‘The End’ wasn’t pretty for rocker
The official story goes like this: On the last night of Jim Morrison’s life, the rocker went to a movie in Paris, listened to records, fell ill and died of heart failure in his bathtub at the age of 27.
But rumors have always swirled around the death of The Doors frontman. Now, 36 years later, a former Paris nightclub manager is telling a different story.
In a new book, Sam Bernett says that Morrison died in a toilet stall of his club after what he believes was a heroin overdose.
“The flamboyant singer of The Doors, the beautiful California boy, had become an inert lump crumpled in the toilet of a nightclub,” writes Bernett, whose French-language book is titled “The End: Jim Morrison.”
He says he believes two drug dealers brought the body back to Morrison’s apartment and put it in the bathtub in a last-ditch resuscitation attempt.
Bernett, who was in his early 20s when Morrison died in 1971, went on to become a prominent radio personality, rock biographer and a vice president of Disneyland Paris.
Though he was pestered for years by reporters investigating Morrison’s death, he kept his story quiet until his wife suggested writing a book last year.
“For me it’s a very bad (memory),” Bernett says.
Patrick Chauvel, a noted war photographer and writer who sometimes helped run the bar at the club, recalls giving a hand to men who were carrying Morrison in a staircase there.
“I think he was already dead,” says Chauvel, who considered putting the episode in a 2005 book before his publisher cautioned against it
He says he thought an ambulance would have been called if Morrison were still alive.
“I don’t know,” Chauvel says. “It was a long time ago, and we weren’t drinking only water.”
Stephen Davis, the author of “Jim Morrison: Life, Death, Legend,” says he would not rewrite history because of the new book.
Based on his reporting, he believes Morrison did overdose at the club, but that it was shortly before his death – not the same night – and that he survived the experience.
“It just seems likely that if he died in the toilet of a nightclub, it would have come out before now,” Davis says.
Morrison came to Paris in March 1971 at a troubled time in his life.
At a 1969 concert in Florida, he was accused of exposing his genitals to the audience. He was convicted of indecent exposure and profanity, and the episode led to promoters canceling concerts and earned the band a stream of negative publicity.
Morrison left for Paris with his appeal pending. There, he lived in a Right Bank apartment with his girlfriend, Pamela Courson, and he wandered the streets, sightseeing and toting around a plastic bag containing his writings.
He gained so much weight as to become almost unrecognizable, and his health suffered.
Morrison spent “practically every night” at the Rock and Roll Circus, where stars like Roman Polanski and Marianne Faithfull were regulars, says Bernett, who managed the hip Left Bank nightclub.
Around 1 a.m. on July 3, 1971, Morrison went to the club and was joined by two men – drug dealers who sold him heroin for Courson, Bernett says.
At one point, Bernett noticed that Morrison had disappeared.

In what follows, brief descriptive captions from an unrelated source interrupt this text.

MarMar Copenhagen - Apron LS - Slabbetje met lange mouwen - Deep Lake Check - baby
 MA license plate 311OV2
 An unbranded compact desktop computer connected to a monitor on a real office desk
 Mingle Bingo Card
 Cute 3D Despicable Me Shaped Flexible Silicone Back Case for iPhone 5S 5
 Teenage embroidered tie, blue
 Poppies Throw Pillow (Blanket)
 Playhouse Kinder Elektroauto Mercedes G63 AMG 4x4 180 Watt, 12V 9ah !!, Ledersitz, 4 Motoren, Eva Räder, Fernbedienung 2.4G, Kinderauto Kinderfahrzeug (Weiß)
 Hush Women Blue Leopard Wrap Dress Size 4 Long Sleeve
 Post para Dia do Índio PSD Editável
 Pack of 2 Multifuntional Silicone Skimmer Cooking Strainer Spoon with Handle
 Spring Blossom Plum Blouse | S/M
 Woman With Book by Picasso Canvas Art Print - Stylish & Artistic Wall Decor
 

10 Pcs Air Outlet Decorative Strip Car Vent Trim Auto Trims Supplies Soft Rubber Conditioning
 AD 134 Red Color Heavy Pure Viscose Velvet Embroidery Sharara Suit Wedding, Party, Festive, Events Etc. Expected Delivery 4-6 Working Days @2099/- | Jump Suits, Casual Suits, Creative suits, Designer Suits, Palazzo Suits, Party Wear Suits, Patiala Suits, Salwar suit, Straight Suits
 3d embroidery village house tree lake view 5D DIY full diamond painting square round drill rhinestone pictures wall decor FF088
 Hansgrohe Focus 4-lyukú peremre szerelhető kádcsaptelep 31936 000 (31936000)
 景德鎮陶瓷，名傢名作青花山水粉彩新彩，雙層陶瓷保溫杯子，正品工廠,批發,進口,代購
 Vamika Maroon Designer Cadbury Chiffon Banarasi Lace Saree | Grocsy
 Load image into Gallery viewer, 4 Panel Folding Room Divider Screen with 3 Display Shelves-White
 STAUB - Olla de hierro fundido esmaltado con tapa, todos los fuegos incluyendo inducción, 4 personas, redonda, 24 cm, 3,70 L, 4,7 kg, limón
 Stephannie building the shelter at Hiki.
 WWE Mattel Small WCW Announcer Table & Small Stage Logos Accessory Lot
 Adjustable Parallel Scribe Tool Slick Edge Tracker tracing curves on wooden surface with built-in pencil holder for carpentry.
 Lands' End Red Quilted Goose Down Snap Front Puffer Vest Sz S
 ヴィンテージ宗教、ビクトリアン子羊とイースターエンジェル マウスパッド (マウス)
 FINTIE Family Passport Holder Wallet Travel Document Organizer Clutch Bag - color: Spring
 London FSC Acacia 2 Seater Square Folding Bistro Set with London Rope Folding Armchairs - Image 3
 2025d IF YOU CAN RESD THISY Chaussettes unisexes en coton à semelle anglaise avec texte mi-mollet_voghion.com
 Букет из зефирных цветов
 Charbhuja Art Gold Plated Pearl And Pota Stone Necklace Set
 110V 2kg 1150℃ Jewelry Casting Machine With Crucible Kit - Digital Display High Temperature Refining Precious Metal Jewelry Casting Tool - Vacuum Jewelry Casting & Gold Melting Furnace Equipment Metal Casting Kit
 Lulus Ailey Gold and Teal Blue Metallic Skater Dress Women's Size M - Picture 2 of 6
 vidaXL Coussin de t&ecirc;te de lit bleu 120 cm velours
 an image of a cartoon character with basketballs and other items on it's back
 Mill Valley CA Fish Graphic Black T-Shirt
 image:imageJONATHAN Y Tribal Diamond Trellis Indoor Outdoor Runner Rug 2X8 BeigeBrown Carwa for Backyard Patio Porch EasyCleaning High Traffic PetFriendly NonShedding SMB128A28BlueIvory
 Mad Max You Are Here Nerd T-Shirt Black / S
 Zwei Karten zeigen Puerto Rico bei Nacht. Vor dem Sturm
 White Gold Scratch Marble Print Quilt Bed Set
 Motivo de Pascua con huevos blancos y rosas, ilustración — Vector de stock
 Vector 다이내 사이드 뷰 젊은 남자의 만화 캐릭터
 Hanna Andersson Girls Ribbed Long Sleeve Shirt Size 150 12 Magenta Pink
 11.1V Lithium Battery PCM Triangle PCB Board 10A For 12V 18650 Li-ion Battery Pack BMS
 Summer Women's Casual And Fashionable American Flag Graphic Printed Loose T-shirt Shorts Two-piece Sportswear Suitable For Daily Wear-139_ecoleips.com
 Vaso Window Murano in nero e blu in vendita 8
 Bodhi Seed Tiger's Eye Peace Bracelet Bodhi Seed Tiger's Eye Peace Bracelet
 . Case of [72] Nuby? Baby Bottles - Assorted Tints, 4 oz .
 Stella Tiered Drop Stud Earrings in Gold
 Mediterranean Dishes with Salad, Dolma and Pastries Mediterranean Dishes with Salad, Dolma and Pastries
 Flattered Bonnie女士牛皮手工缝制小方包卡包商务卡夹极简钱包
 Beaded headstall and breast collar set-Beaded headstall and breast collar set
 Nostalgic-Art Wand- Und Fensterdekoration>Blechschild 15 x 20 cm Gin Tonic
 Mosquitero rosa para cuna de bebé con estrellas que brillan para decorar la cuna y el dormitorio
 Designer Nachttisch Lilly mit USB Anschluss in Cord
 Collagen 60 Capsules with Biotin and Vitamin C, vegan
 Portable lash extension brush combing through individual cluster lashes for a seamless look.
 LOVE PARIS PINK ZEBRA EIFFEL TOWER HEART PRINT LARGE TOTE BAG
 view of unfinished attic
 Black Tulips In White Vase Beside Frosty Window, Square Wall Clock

Later, he says, the bouncer broke down the door of a locked toilet stall, and they discovered Morrison unresponsive.
Bernett says he asked a doctor, a club customer, to examine the singer.
“When we found him dead, he had a little foam on his nose, and some blood too, and the doctor said, ‘That must be an overdose of heroin,’ ” says Bernett.
He adds that he did not see Morrison take any heroin that night, but that the singer was known to sniff the drug because he was afraid of needles.
Bernett says the two drug dealers insisted Morrison was just unconscious and carried him out of the club. Though he says he wanted to call the paramedics and authorities, the club’s owner ordered him to keep quiet to avert a scandal.
Courson, who died three years later of an overdose, told police an entirely different story.
She said the couple went to the movies and out for dinner that night, listened to records and fell asleep.
According to her testimony in police records, Morrison awoke in the night feeling ill and took a hot bath. Courson said she found him dead in the tub.
Morrison was buried in Pere Lachaise cemetery, in a small ceremony without fanfare, on July 7, 1971. No autopsy was performed.